Outre l’encouragement des politiques publiques, cela a aussi été rendu possible grâce à la massification de l’usage de la voiture qui a rendu compatible le fait de vivre en périphérie tout en travaillant dans le centre-ville. Mais cette tendance voit ses limites : au delà de la congestion routière et des demandes en infrastructures coûteuses que cela créer, c’est l’environnement qui en est fortement impacté : pollution due au trafic routier et à la construction, artificialisation des terres, réchauffement climatique…
Mais face à l’objectif de Zéro Artificialisation Nette que le gouvernement français s’est donné, on comprend vite que ce mode d’urbanisme linéaire, comme le nomme Sylvain Grisot, n’est plus possible. L’urbanisme circulaire se présente donc comme une alternative à ce mode linéaire en cherchant à donner plus d’usages urbains aux sols déjà artificialisés, au lieu d’en consommer de nouveaux. Mais changer tout un système de production qui fait actuellement reposer 40% de son chiffre d’affaire sur le neuf nécessite de revoir en profondeur notre façon de faire.
De nouvelles compétences mais aussi de nouveaux outils tels que des opérateurs de recyclage du foncier vont être nécessaires au développement de ces nouveaux projets. Révéler le potentiel du foncier invisible tel que les friches industrielles ou les bâtiments sous-utilisés ainsi qu’assurer une cohérence de l’action à toutes les échelles territoriales seront aussi des défis auxquels les initiatives de sobriété foncière vont faire face.
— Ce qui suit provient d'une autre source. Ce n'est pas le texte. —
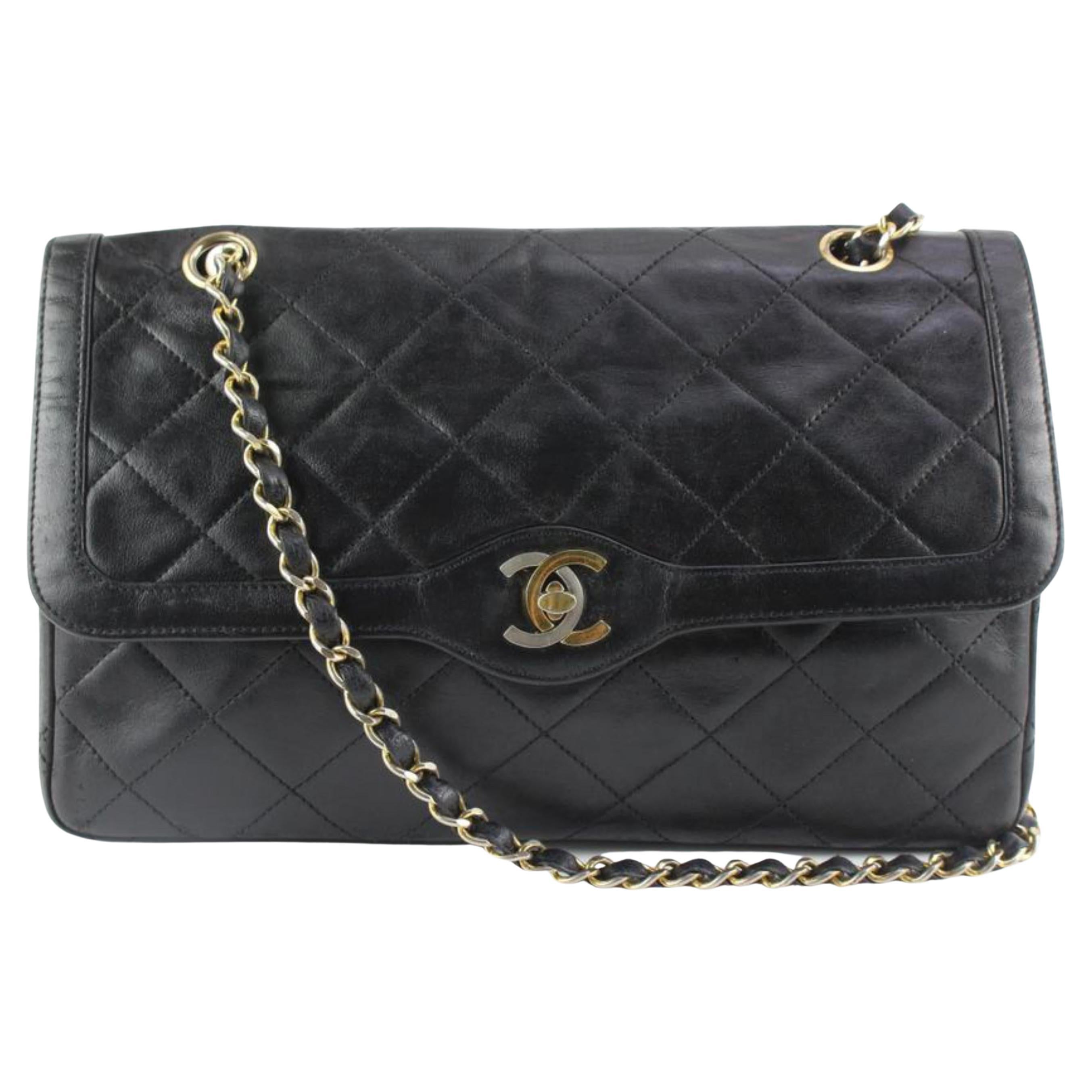 Chanel Limited Two-Tone Paris Edition Medium Large Classic Flap 1222c41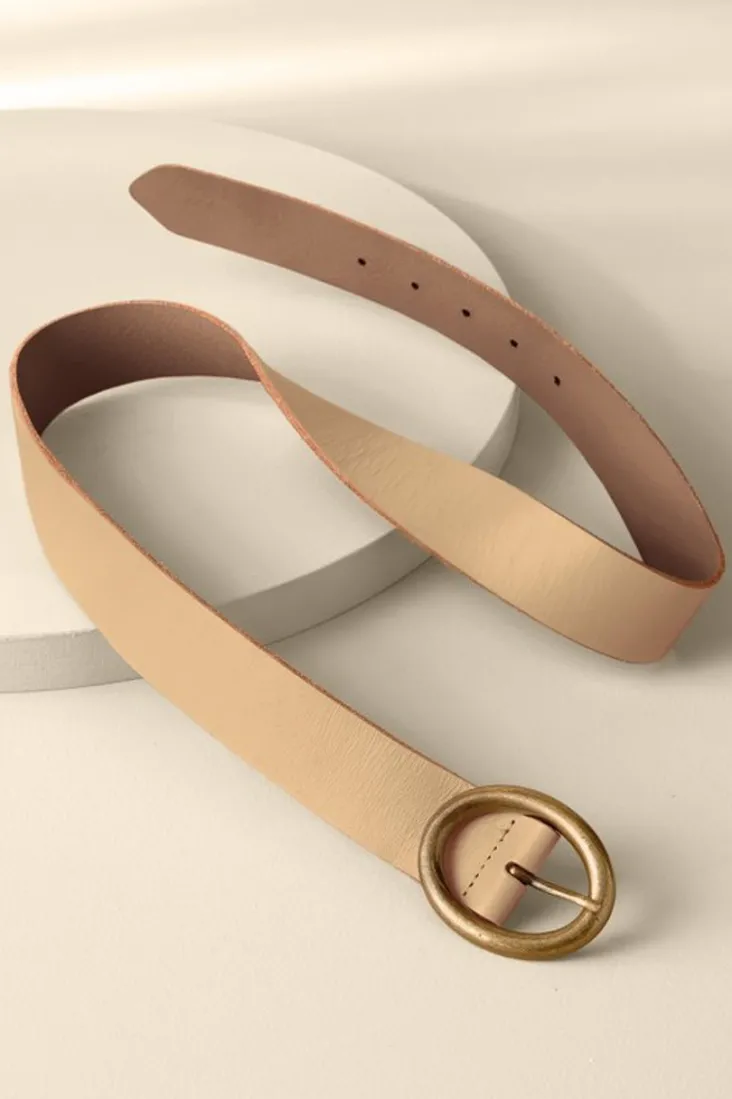 Discount Soft Surroundings Monaco Leather Belt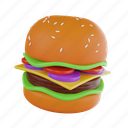 burger, cheeseburger, hamburger, fast-food, junk-food, food, meal 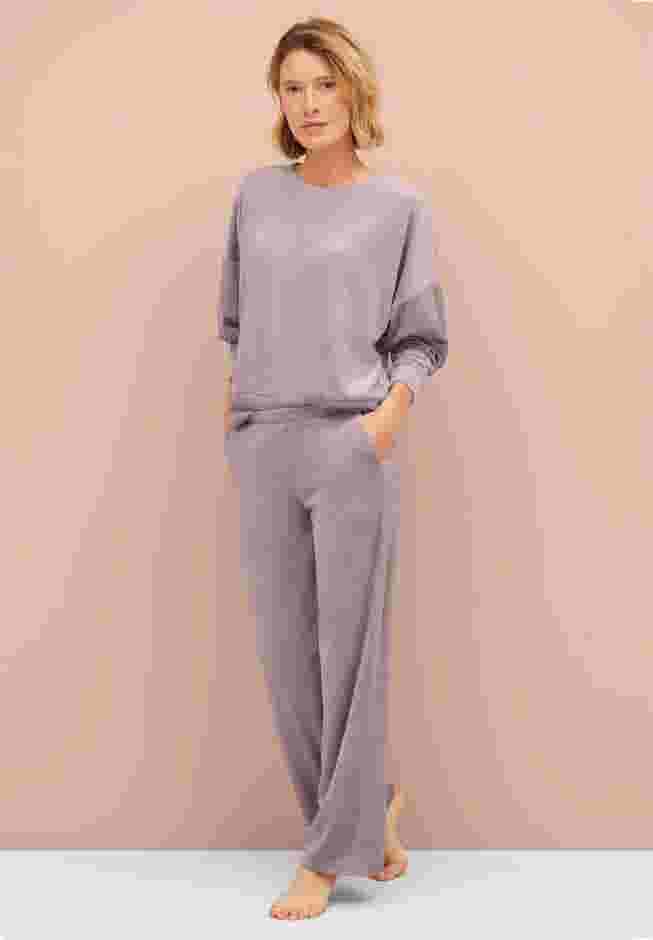 Wide Leg Velour Lounge Pants image number 0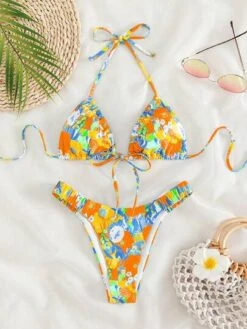 Floral Print Halter Bikini Swimsuit -Curated Swimwear 1684735203d7b9dce79e3e7358448eb097310fdcc8 thumbnail 405x552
L’urbanisme circulaire en 3 exemples concrets :
Ainsi, rompre avec la linéarité de notre fabrique de la ville demande de réinventer l’urbanisme et de le déployer à grande échelle. Certains ingénieurs se sont déjà attaqués à la question si bien qu’il est possible de retrouver plusieurs exemples concrets d’urbanisme circulaire sur le territoire français tel que :
- Le Mab’Lab : un restaurant universitaire parisien qui devient un espace de co-working pour les étudiants et les entrepreneurs le reste de la journée après quelques réagencements quotidiens. Ce lieu accueille aussi des événements animés par des formateurs et professionnels qui souhaitent partager leur vision et leur expérience aux futurs entrepreneurs.
- La chaussée démontable de Saint-Aubin-lès-Elbeuf : cette chaussée a été inventée il y a une dizaine d’années par des ingénieurs de l’IFFSTTAR et est composée de dalles d’un mètre de diamètre hexagonales qui sont amovibles et repositionnables à l’envie. La chaussée peut ainsi être modifiée pour aménager planter, faire des travaux en sous-sol, aménager autrement… Ce concept de chaussée modulable a notamment été repris sur l’Ile de Nantes et il le sera peut-être bientôt dans la ville de Toronto, là où les ingénieurs des Sidewalk Labs de Google souhaitent créer un quartier intelligent modulable.
- La Friche Ferme Urbaine Nollet-Crouy : cette friche abritait autrefois l’usine Nollet ainsi que le département LEA de l’Université de Lille. Depuis 2016, des habitants, des associations mais aussi une entreprise coopérative ont bâti un jardin partagé et porté un projet de ferme urbaine englobant le terrain et le bâtiment. Un collectif souhaite aussi y habiter sous forme d’un habitat partagé.